---------- Data provided ----------
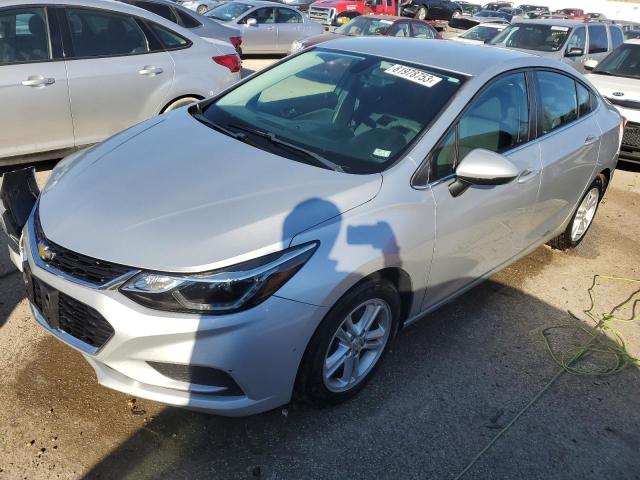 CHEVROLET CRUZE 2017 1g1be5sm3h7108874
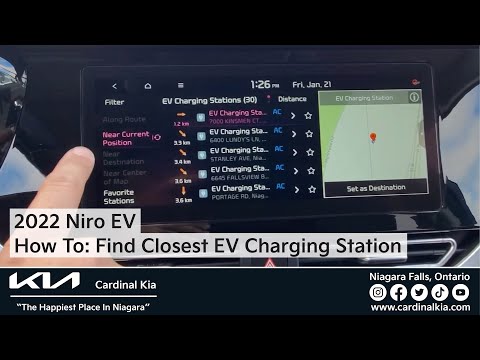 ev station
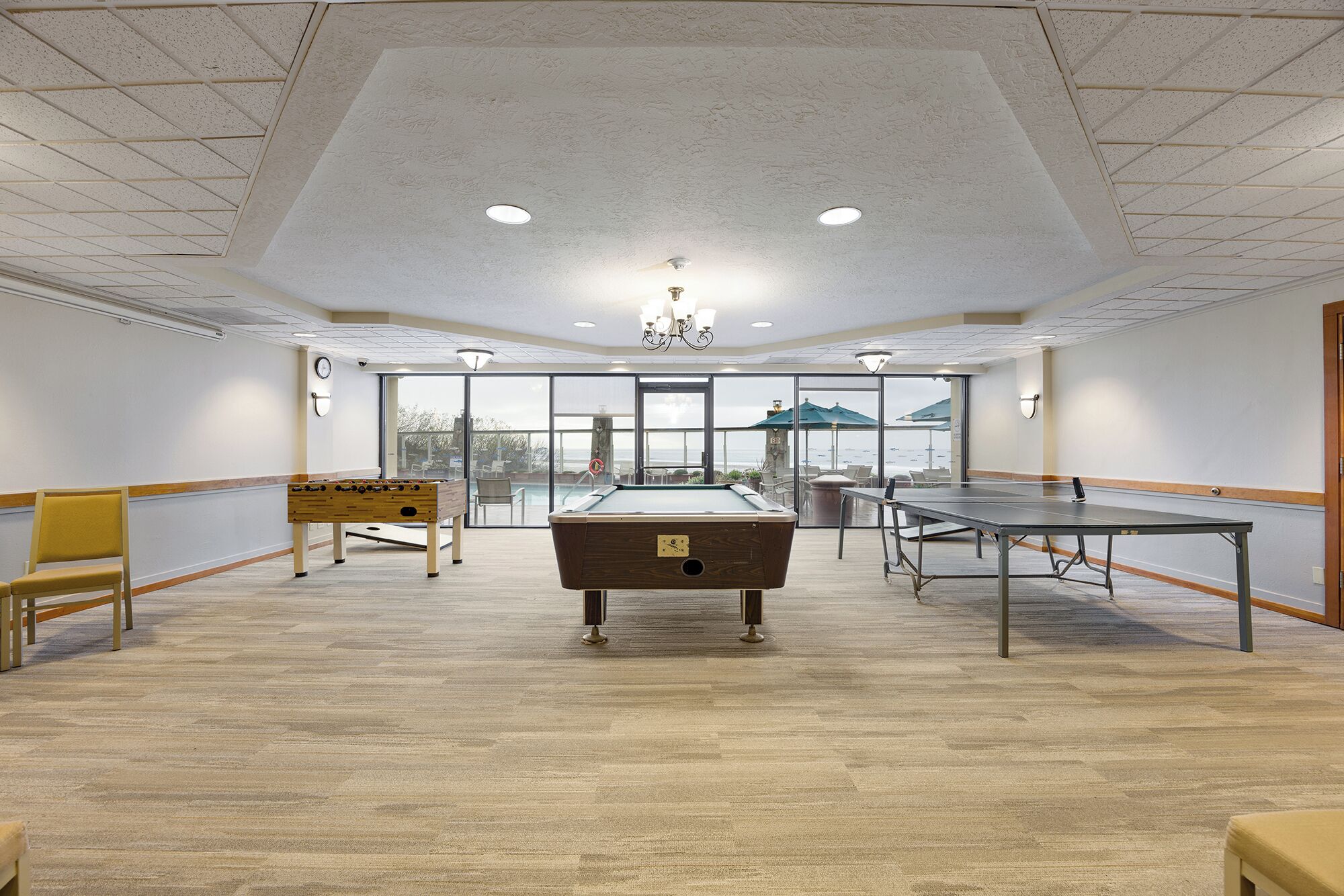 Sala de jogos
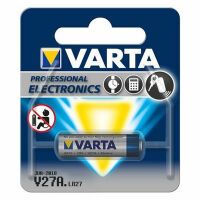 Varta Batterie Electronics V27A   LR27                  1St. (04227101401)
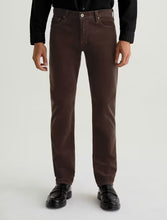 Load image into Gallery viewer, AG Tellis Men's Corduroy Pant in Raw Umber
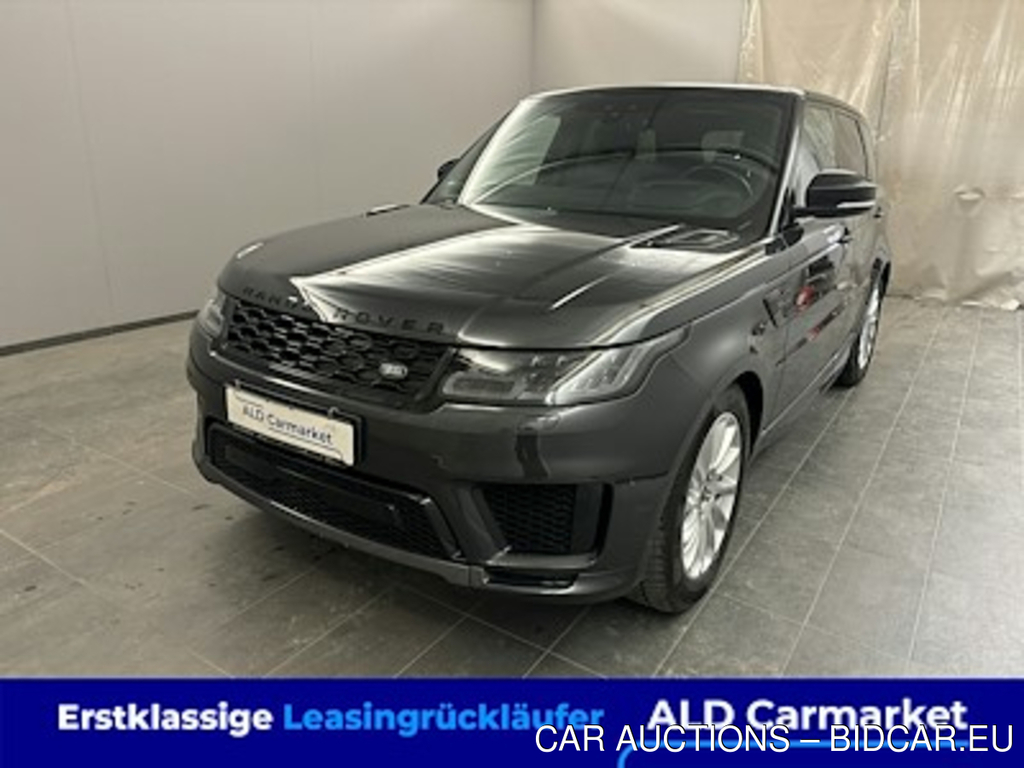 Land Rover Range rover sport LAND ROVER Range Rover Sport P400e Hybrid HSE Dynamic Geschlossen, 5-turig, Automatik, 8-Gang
----------
→ Work task
From the first line to the last, copy the records above exactly and leave out the pictures.

→ Solution
 CHEVROLET CRUZE 2017 1g1be5sm3h7108874
 ev station
 Sala de jogos
 Varta Batterie Electronics V27A   LR27                  1St. (04227101401)
 Load image into Gallery viewer, AG Tellis Men's Corduroy Pant in Raw Umber
 Land Rover Range rover sport LAND ROVER Range Rover Sport P400e Hybrid HSE Dynamic Geschlossen, 5-turig, Automatik, 8-Gang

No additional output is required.